Katharine Arnold (The 7 Fingers) did a unique aerial number on a hotel cart, as Alexis Vigneault (also a competitor at Cirque de Demain and with previous performing credits from Cirque Eloize, Cirque du Soleil and The 7 Fingers) did the same on aerial lamp, two devices it seems only the artists themselves have explored. In the more familiar discipline of rollerblades, Rosie Axon and Adam Jukes, British duo acrobat / ice and roller skate world inline pair champion, demonstrated the kind of technique one expects to see at champion ice skating events. On aerial tissue Tuedon Ariri (Cirque Eloize) performed a graceful solo act, followed by the diabolo ensemble (Ming-En Chen, Tsung-Ying Lin, Ting-Chung Wang, Chia-Hao Yu) whose glowing and high tech style matched the energy of their act and the show aesthetic.

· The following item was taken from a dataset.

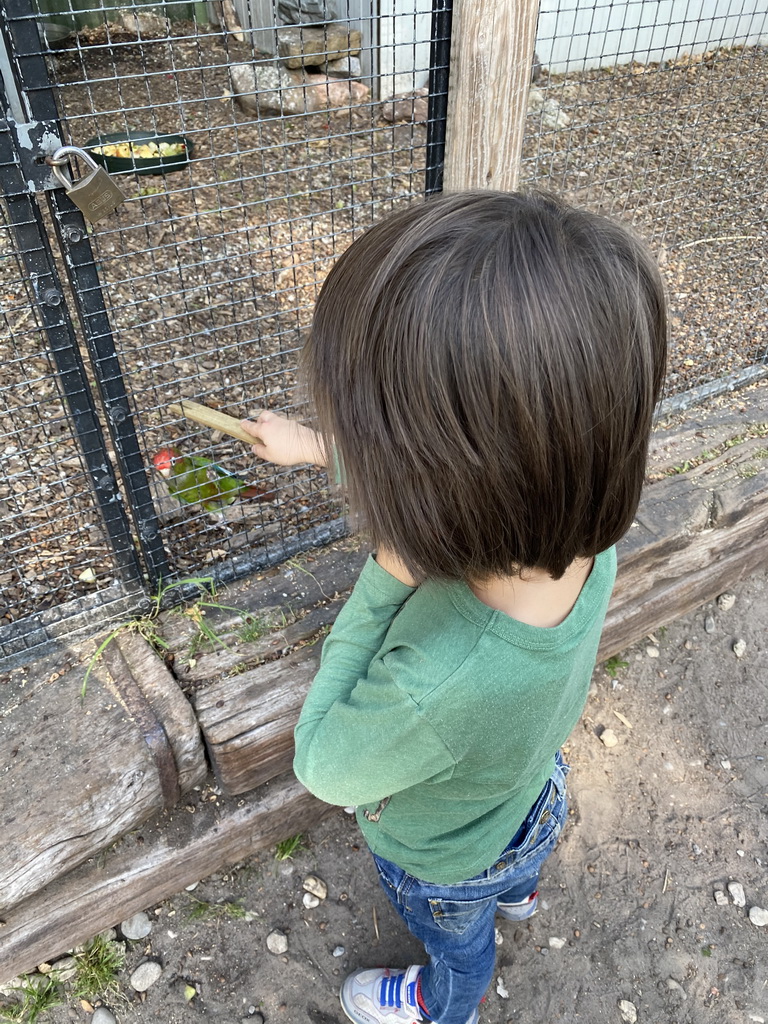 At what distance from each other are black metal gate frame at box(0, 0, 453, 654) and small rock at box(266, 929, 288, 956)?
0.76 meters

Children nestled in their beds with sugar plums dancing through their heads (Quentin Greco, Jacob Gregoire, Chauncey Kroner, Timothé Vincent, Jinge Wange and Evan Tomlinson Weintraub) turned out to be acrobats who were too keyed up to sleep on Christmas eve, which led to an exciting table sliding scene with the talented crew. This same group of acrobats also wrapped things up with the show’s finale, a high-energy acrobatic hoop diving number delivered as reindeer, who are off to fetch the suddenly authentic-looking Santa.
This show will appeal across the generations of the family, and would be a nice introduction for grandparents and grandkids alike to the Cirque Du Soleil style and aesthetic.
‘Twas the Night Before will be playing through December 8 at the Chicago Theatre, 175 N. State St. (tickets from $50 to $656) before heading off to Hulu Theater at Madison Square Garden in New York (December 12-29.)